Esse paradoxo nos remete ao conceito de doux commerce, cunhado também por Montesquieu. A ideia de que o comércio amacia os costumes, que a interdependência econômica modera os ímpetos da violência, foi um dos pilares da filosofia iluminista e da arquitetura institucional liberal. Quando os fundadores dos Estados Unidos desenharam sua república constitucional, com seus freios e contrapesos entre os poderes, certamente compartilhavam essa crença otimista de que interesses bem calibrados poderiam conter paixões maliciosas.

Contudo, o caso Trump desafia essa fórmula. Durante seu primeiro mandato e agora, vemos um chefe de Estado que, ao invés de ser refreado por regras institucionais e compromissos internacionais, muitas vezes testa seus limites. Desafia a separação de poderes, despreza a imprensa livre, confronta a academia e o Judiciário e estimula tensões raciais e religiosas. A recente performance grotesca de Trump vestido como Sumo Pontífice, ao zombar da iconografia católica, expõe não apenas seu desrespeito à diversidade religiosa, mas sua busca constante por atenção e domínio narrativo, mesmo que à custa da estabilidade institucional.

Ainda assim, mesmo nesse cenário sombrio, é preciso reconhecer os antídotos da própria estrutura americana. As instituições, ainda que abaladas, mostram alguma resiliência. A Suprema Corte mantém sua independência, governadores e parlamentos estaduais resistem à pressão eleitoral indevida. E, em certos episódios, o próprio Trump recuou — não por escrúpulo, mas por cálculo. O comércio, os mercados, os investidores e os acordos bilaterais exerceram sobre ele uma força gravitacional inusitada: o medo de quebrar a lógica do lucro o impediu de levar certas ações ao extremo.

É neste ponto que o paradoxo se intensifica. Se, por um lado, é inquietante que a democracia dependa do egoísmo ilustrado de seus líderes, por outro, é uma vitória silenciosa do projeto iluminista que até mesmo um autocrata em potencial seja, ao fim, compelido a agir com alguma moderação por interesse próprio. A paixão de Trump

pelos negócios torna-se, assim, uma contenção involuntária de sua própria ruína moral e institucional.
Há aqui, portanto, uma ironia providencial. A mesma lógica de acumulação e negociação que gerou desigualdades e tensões no sistema global, talvez seja a última trincheira contra o autoritarismo puro. Se Trump mantém algum vínculo com a racionalidade — por mais precário que seja —, é por saber que sem comércio não há império, e sem estabilidade institucional não há negócios.

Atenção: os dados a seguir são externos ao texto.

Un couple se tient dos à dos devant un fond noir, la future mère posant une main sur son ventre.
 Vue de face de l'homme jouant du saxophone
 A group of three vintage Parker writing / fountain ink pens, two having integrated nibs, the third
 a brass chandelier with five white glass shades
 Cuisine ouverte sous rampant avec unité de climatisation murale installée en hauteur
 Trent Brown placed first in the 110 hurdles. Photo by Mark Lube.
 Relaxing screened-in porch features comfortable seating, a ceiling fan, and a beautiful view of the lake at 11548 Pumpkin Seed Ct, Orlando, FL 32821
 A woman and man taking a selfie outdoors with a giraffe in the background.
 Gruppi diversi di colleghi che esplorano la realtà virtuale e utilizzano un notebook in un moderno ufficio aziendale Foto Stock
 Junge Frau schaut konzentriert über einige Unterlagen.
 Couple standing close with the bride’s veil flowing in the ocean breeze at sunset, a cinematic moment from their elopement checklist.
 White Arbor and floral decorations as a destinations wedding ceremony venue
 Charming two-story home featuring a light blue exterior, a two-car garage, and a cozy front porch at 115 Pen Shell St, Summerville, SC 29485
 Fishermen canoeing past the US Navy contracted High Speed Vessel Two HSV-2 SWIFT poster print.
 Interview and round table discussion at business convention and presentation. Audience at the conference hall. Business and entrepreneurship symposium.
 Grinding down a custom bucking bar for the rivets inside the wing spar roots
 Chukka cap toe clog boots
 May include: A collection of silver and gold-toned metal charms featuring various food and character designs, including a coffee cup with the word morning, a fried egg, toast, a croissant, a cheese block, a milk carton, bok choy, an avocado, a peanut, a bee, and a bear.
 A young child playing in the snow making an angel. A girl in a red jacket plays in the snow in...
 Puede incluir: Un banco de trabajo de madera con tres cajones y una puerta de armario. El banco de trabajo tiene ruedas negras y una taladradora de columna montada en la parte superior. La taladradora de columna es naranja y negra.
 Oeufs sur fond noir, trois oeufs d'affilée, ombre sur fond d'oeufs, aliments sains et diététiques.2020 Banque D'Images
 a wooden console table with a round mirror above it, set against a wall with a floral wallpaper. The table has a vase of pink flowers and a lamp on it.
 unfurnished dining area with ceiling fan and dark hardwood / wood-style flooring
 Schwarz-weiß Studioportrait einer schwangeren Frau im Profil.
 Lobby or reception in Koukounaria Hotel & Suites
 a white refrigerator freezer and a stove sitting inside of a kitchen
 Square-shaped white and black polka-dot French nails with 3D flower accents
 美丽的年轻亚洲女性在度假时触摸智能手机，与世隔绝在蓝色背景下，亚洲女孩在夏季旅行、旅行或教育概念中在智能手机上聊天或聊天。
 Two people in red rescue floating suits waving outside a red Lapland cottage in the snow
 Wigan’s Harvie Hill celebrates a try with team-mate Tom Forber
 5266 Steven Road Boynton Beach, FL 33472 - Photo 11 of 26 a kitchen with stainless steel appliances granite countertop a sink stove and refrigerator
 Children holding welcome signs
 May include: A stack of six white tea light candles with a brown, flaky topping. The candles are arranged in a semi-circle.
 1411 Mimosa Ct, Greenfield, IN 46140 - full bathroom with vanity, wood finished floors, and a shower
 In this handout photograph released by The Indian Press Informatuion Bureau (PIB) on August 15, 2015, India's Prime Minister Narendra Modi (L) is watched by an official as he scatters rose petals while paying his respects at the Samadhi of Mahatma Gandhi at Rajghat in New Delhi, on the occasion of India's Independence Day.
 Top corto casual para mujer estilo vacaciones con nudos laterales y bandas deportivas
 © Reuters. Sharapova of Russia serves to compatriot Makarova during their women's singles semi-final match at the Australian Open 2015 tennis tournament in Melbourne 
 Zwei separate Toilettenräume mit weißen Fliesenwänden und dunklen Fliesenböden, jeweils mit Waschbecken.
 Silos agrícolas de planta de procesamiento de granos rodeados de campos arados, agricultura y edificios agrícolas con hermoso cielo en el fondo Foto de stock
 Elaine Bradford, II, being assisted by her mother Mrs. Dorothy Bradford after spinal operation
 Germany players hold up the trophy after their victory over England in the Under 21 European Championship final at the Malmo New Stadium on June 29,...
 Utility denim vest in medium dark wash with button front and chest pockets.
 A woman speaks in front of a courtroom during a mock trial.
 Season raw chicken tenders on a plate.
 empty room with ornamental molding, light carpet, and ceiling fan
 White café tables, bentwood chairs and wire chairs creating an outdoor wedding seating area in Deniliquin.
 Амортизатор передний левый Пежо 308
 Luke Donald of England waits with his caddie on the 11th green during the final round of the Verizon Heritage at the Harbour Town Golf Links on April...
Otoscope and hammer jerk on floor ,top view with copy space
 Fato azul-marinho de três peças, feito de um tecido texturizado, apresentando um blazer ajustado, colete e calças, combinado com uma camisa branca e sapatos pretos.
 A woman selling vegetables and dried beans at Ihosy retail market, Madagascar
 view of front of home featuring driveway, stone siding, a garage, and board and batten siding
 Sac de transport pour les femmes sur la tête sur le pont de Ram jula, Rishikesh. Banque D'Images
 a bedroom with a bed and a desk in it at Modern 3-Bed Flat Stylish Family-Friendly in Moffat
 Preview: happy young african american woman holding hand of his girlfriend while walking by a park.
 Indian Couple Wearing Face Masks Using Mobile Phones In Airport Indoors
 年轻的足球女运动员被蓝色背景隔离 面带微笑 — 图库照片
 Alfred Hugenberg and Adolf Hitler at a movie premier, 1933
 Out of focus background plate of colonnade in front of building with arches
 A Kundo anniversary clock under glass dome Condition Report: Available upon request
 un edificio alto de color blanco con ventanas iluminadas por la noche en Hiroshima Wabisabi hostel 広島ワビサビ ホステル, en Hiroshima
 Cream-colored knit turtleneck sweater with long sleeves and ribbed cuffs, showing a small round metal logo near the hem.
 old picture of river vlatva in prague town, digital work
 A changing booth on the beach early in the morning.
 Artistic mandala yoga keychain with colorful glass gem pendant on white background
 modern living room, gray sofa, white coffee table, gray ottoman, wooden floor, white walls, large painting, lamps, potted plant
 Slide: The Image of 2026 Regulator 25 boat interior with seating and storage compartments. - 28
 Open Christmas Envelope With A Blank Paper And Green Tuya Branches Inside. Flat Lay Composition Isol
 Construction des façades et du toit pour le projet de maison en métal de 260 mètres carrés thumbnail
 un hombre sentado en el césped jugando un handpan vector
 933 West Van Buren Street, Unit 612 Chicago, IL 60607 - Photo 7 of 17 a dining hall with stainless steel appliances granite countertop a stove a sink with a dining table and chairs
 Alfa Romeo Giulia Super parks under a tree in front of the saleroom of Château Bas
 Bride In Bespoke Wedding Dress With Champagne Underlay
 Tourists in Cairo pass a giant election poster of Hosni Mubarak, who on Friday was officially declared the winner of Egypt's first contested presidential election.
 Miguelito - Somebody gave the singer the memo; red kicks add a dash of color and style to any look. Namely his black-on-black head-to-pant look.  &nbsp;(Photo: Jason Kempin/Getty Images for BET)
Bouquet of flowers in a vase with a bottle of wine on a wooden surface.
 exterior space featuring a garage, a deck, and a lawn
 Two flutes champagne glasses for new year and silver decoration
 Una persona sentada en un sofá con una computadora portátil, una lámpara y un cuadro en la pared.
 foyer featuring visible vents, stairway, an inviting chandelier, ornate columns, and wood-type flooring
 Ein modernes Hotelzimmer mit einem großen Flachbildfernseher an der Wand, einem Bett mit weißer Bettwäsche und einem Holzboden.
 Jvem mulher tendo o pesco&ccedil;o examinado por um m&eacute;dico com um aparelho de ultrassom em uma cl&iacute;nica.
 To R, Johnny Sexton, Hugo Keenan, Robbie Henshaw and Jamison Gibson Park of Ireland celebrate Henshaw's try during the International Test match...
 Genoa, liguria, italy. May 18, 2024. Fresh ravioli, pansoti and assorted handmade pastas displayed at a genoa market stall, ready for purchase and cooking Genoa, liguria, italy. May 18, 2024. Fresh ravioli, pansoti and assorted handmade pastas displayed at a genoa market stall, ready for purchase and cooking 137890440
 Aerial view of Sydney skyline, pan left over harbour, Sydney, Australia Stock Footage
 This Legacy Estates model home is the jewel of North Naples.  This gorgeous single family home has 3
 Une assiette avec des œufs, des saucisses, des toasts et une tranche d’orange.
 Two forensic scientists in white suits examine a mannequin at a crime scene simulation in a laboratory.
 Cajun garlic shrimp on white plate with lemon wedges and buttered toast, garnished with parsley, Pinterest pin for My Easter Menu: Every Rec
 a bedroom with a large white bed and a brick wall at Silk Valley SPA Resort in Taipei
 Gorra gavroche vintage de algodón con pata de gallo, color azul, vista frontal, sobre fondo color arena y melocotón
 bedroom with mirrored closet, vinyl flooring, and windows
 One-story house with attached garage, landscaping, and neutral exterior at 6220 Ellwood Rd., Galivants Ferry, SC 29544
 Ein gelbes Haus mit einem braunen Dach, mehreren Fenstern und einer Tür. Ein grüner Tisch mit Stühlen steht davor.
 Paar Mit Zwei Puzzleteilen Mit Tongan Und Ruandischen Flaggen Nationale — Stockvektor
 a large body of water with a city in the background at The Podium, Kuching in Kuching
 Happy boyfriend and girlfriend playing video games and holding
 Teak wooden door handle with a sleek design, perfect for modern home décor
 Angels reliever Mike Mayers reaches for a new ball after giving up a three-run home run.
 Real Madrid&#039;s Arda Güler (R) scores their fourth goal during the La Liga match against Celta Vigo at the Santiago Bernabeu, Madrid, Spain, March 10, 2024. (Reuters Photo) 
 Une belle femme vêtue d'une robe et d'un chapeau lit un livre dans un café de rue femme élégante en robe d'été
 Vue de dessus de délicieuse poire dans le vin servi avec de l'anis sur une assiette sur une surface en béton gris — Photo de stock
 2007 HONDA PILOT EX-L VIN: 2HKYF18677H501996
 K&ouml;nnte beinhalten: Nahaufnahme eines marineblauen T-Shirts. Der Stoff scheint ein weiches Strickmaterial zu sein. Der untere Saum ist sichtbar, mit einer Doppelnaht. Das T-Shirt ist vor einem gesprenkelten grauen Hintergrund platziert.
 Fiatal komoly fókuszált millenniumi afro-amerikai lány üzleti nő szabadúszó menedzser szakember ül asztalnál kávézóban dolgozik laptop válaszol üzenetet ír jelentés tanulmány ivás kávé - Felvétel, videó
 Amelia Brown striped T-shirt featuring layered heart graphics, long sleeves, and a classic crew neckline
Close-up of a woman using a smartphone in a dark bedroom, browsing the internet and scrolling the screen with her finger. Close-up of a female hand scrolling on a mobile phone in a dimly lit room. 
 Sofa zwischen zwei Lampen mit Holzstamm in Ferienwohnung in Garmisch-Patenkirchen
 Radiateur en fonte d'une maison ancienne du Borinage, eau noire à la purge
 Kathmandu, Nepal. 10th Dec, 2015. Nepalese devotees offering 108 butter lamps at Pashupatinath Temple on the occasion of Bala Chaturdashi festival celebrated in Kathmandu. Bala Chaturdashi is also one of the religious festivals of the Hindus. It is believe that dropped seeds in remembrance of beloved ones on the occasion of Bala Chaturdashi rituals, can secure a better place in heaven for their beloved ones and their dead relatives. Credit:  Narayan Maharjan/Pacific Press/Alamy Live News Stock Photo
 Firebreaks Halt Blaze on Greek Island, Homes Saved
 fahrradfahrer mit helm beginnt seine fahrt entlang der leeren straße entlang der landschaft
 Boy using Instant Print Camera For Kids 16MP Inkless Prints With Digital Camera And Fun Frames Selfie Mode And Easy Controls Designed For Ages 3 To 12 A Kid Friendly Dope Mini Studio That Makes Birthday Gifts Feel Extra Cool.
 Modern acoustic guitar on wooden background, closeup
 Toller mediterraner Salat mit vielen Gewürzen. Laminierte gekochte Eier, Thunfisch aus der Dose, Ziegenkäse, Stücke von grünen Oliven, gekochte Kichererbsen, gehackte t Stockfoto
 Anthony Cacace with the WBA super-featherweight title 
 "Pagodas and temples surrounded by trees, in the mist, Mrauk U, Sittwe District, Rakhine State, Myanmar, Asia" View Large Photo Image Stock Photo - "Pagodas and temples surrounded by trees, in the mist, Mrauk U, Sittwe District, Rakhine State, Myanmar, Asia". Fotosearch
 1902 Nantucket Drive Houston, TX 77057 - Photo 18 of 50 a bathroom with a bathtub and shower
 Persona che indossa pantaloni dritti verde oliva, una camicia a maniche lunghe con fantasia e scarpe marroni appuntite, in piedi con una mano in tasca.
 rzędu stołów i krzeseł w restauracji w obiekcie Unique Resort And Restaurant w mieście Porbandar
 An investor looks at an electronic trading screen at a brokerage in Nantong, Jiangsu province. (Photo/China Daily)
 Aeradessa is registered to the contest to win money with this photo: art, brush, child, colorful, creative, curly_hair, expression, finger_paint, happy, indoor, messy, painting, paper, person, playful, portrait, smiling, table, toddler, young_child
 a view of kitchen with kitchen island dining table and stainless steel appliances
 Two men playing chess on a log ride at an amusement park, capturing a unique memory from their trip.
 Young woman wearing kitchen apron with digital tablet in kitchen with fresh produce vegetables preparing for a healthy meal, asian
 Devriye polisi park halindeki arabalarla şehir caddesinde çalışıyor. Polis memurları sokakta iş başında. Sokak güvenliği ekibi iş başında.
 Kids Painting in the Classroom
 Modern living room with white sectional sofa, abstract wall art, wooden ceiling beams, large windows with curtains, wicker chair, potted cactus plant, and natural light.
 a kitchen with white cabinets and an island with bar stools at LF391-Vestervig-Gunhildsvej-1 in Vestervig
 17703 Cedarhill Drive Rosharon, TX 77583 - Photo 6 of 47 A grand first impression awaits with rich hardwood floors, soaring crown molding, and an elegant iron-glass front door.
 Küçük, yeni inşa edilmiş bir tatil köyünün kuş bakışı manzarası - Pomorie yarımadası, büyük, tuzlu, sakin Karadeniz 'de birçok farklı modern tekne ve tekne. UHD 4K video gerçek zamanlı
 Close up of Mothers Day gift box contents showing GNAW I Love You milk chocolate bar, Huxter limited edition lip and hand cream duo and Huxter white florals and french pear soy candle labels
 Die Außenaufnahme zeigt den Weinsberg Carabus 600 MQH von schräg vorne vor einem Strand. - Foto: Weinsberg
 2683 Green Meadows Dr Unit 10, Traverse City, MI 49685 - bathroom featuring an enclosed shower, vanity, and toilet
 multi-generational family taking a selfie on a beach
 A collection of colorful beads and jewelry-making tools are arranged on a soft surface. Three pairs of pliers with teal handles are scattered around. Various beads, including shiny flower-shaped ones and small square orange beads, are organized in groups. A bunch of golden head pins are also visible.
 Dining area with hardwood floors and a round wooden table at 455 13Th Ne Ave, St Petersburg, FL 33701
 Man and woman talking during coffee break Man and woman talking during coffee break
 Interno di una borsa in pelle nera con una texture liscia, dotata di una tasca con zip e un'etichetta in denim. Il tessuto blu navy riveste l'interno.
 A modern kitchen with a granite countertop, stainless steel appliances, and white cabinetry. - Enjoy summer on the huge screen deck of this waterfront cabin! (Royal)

Por fim, cabe ao observador atento reconhecer o duplo movimento da história. As paixões humanas não mudaram, mas as estruturas que as cercam e moldam, sim. A democracia liberal, mesmo acuada, ainda se mostra capaz de absorver e neutralizar forças destrutivas quando suas instituições são firmes e seus cidadãos vigilantes. Trump pode ser inclinado ao mal, como advertia Montesquieu, mas felizmente ainda pode ter interesse em não sê-lo.